In a temperature inversion, however, warm air settles above cooler air, often leading to a low-lying foggy layer settling in humid areas. If the inversion is at a high enough altitude, such as in the hills or mountains, cumulus clouds can form below the band of warm air in a valley. Climbers and walkers can then find themselves above a heavenly cotton-like blanket of clouds.
Lenticular Clouds
These UFO-like, wave-shaped layered clouds tend to sit like hats on top of prominent mountain summits or ranges. Latin: Altocumulus lenticularis, 'like a lens'. They form mainly in the troposphere when the air is still and wind blows across a high landform at different heights and from the same direction. The wind causes a series of rising air waves which, if there is sufficient moisture present, can condense to form lenticular clouds.
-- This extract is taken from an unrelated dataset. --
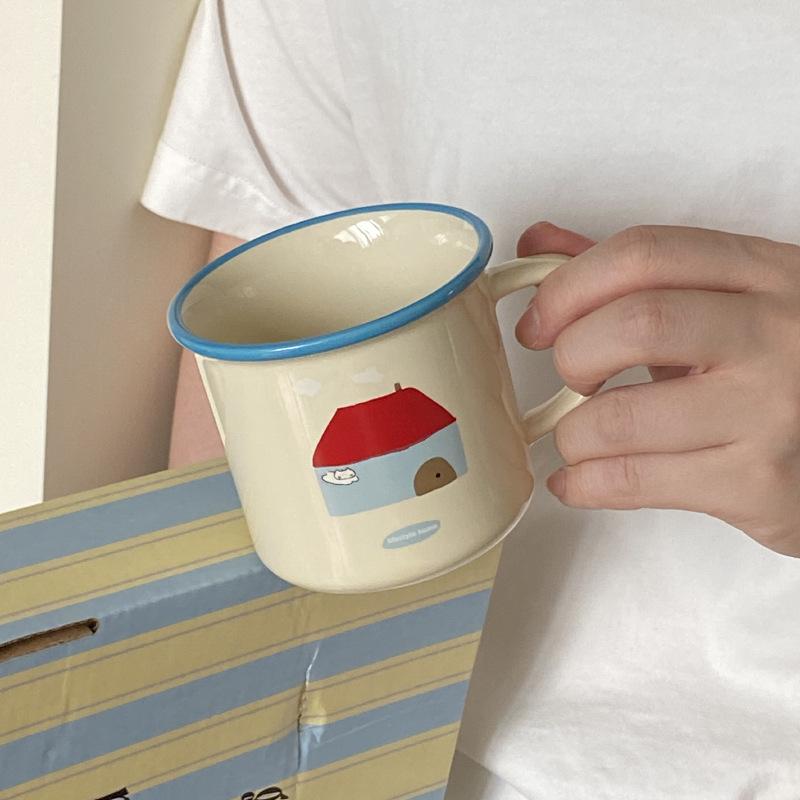 

Homemade Warm Cartoon Red House Kitten Ceramic Cute Kitten Water Cup Niche 270Ml 270ml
These clouds are often a sign of high winds at altitude and their presence can forecast snow due since mountains accentuate incoming high-level precipitation ahead of a weather front.
Nacreous Clouds
Nacreous Clouds are an irridescent form of lenticular cloud and can be found downwind of mountain ranges. Forming high up in the lower stratosphere, nacreous clouds are a rare phenomenon outside of high latitudes. They mostly occur when the sun is low in polar regions, although can be spotted in the UK when the stratospheric polar vortex is displaced.
The stunning irridescent colours form due to the way that the ice particles - which are far smaller than those that form more typical clouds - diffract light. Sunlight travels from below the horizon and is reflected by these clouds before dawn and after dusk. Nacreous clouds only form in temperatures below -78 °C and are not to be confused with lower-lying, thin irridescent clouds which occur more frequently but are less spectacular.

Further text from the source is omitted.